What I appreciate most is the perspective adopted by Lerona. It is not about him or his “rediscovery.” The documentary unfolds as a gathering. A polyphony. At the heart, the elders in their verbal eloquence of remembered poetry and songs, traditional farming rituals and practices, and retelling of lived-experiences. The young ones are in conversation, expressing continuity for the needed survival. To clarify and elaborate on issues such as the business of naming and its importance, we get to listen to local historians, scholars, community leaders, cultural and development workers. The documentary educates without being prescriptive. There’s ambivalence and openness in transition and progression. And how do you end something as grand and complex as this? Lerona utilized intertextuality. I must say a perfect choice of OKM (Original Kinaray-a Music) in Dante Beriong’s original and popular “Mauli Gid Ako sa Antique.” Here, rearranged and sung by Neil Cortez. Beyond visuals, the documentary is an aural experience.

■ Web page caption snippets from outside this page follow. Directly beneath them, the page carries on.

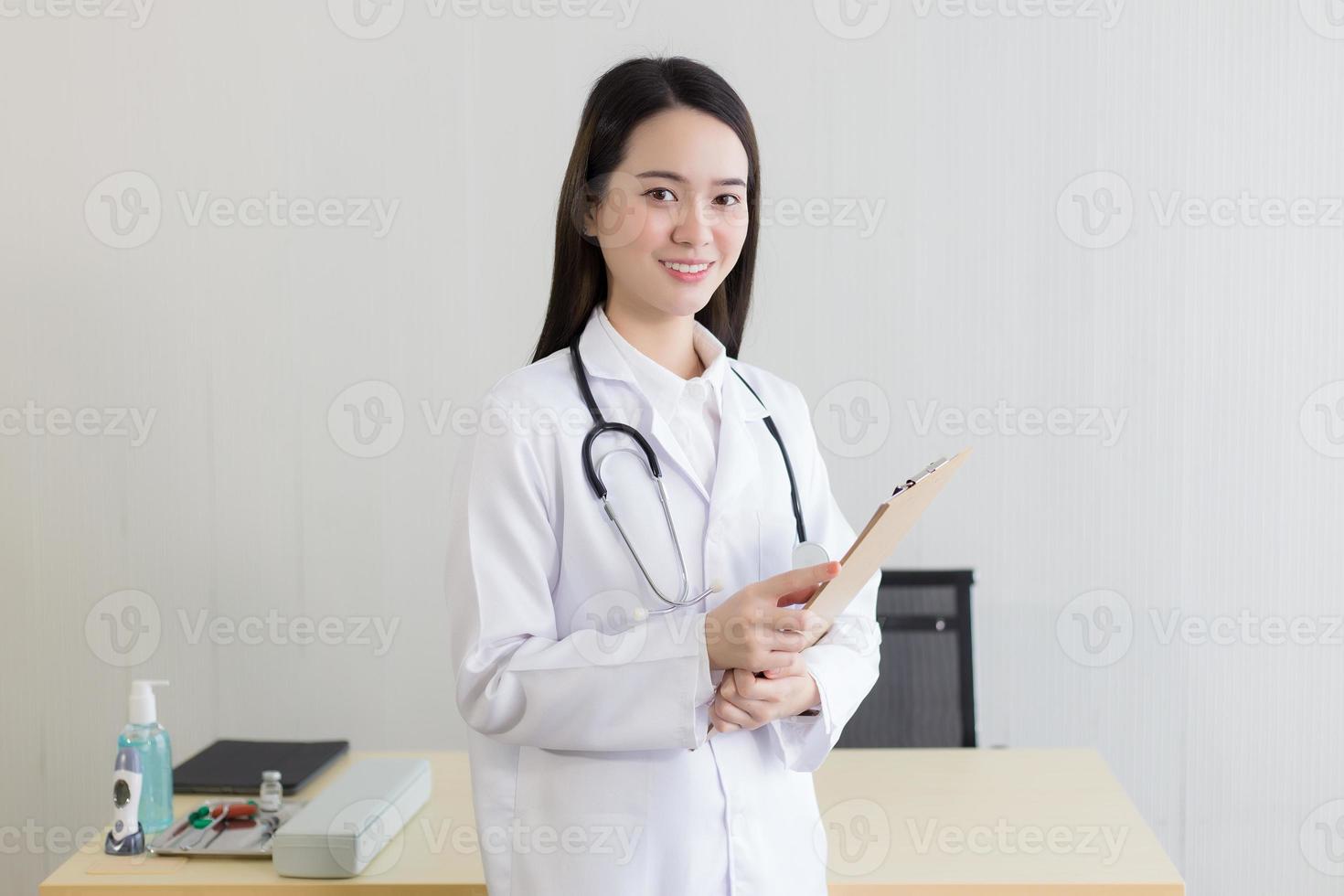 jovem e bela médica asiática trabalhando no hospital. ela usa uma túnica branca e estetoscópio e segura uma prancheta nas mãos. foto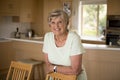 Beautiful portrait of pretty and sweet senior mature woman in middle age around 70 years old smiling happy and friendly at home Royalty Free Stock Photo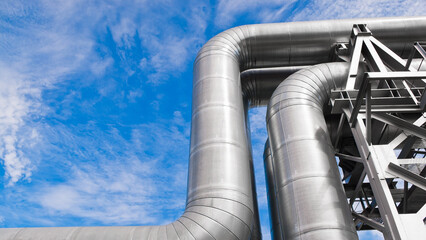 The photo shows pipeline lines against the backdrop of blue sky and clouds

I am glad it is not sentimental. At least for me. Even with the prevalence of “katu”, a reference to the good, old days. Affective, yes – which is good. Because generative: of remembering, meaning-making, dreaming of possibilities. Lines and dialogues are organic – they are memorable and convincing. But I don’t want to be a spoiler: go, catch this on May 1, 10 a.m. at Robinson’s, Antique.
Lerona and Team are competent, sincere, sensitive. I am glad, too, that UPV-Division of Humanities leads the documentation and dissemmination of our rich resources in the region.